Почему же Япония, которая так бурно и стабильно развивалась на протяжении более чем ста лет, вдруг обнаружила, что ей трудно расти? Почему ее резко обогнали такие страны, как США, не говоря уже о ее динамичных азиатских соседях, которые так долго казались неспособными даже близко подойти к японским стандартам производительности? И почему столь выраженный относительный сдвиг в моделях роста – от образцовой к неубедительной, по сравнению как с внешне похожими странами, так и с собственным прошлым, – произошел именно тогда, когда произошел, и так внезапно? Каковы необходимые предпосылки, включая институциональные преобразования, для долгосрочного возрождения Японии? Насколько важны как ограничители необходимых перемен унаследованная политическая культура и укоренившиеся элиты?
Очевидно, что в таком внезапном и тревожном преображении Японии кроется парадокс, имеющий большое значение как в сфере практических дел, так и для теории социальных наук.
Где же быстрое возрождение?
Средний индекс Nikkei 225 Токийской фондовой биржи в конце декабря 1989 года достиг почти 39 00019. Двадцать пять лет спустя, к концу 2016 года, несмотря на масштабные усилия по стимулированию экономики, множество планов структурных реформ и четыре крупные смены политической власти, он все еще составлял менее половины этого числа20.
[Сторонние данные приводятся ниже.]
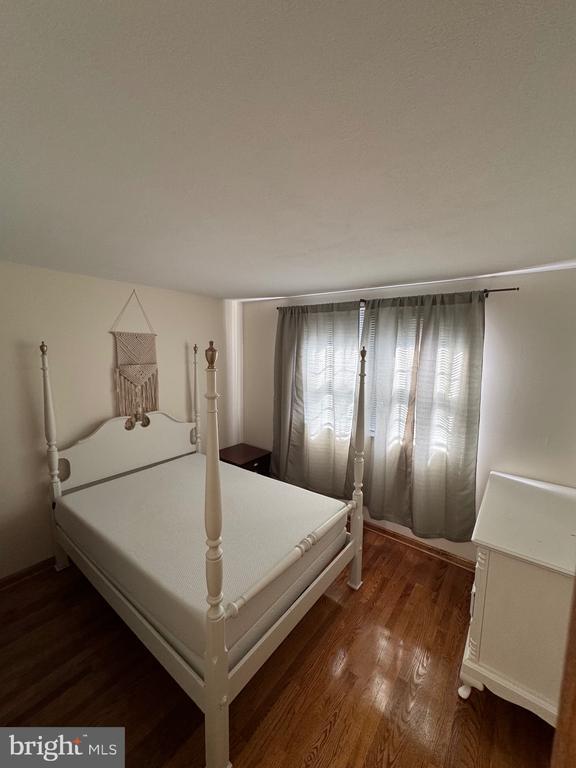 Building Photo - 172 Chapel Dr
Признанные реформаторы, от Морихиро Хосокавы и Дзюньитиро Коидзуми до Юкио Хатоямы, Наото Кана и Ёсихико Нода, приходили и уходили, но, несмотря на изменения в избирательных и нормативных правилах, которые должны были бы существенно изменить стимулирующие политико-экономические структуры, никто из них не добился серьезных структурных изменений. В то время как Синдзо Абэ с его хваленой направленной на борьбу с дефляционным давлением программой «трех стрел» с помощью агрессивных монетарных и бюджетных послаблений смог на время оживить фондовый рынок, третья стрела структурной реформы не показала никаких признаков изменения политико-экономической системы Японии. Рост экономики продолжал идти по неопределенной траектории, как это показано на рис. 1.1. Торговый баланс страны по товарным позициям постоянно оставался дефицитным (особенно после аварии на АЭС Фукусима в 2011 году), даже в то время, когда соседи Японии, наряду с большинством развитых промышленных стран, сохраняли гораздо более высокие темпы роста. Например, во втором квартале 2015 года экономика Японии сжалась в объеме на 0,7 % в годовом исчислении, а дефицит торгового баланса по товарным позициям остался на уровне 406,6 млрд йен, поскольку экспорт, несмотря на ослабление иены, не увеличился [Ministry of Finance 2016].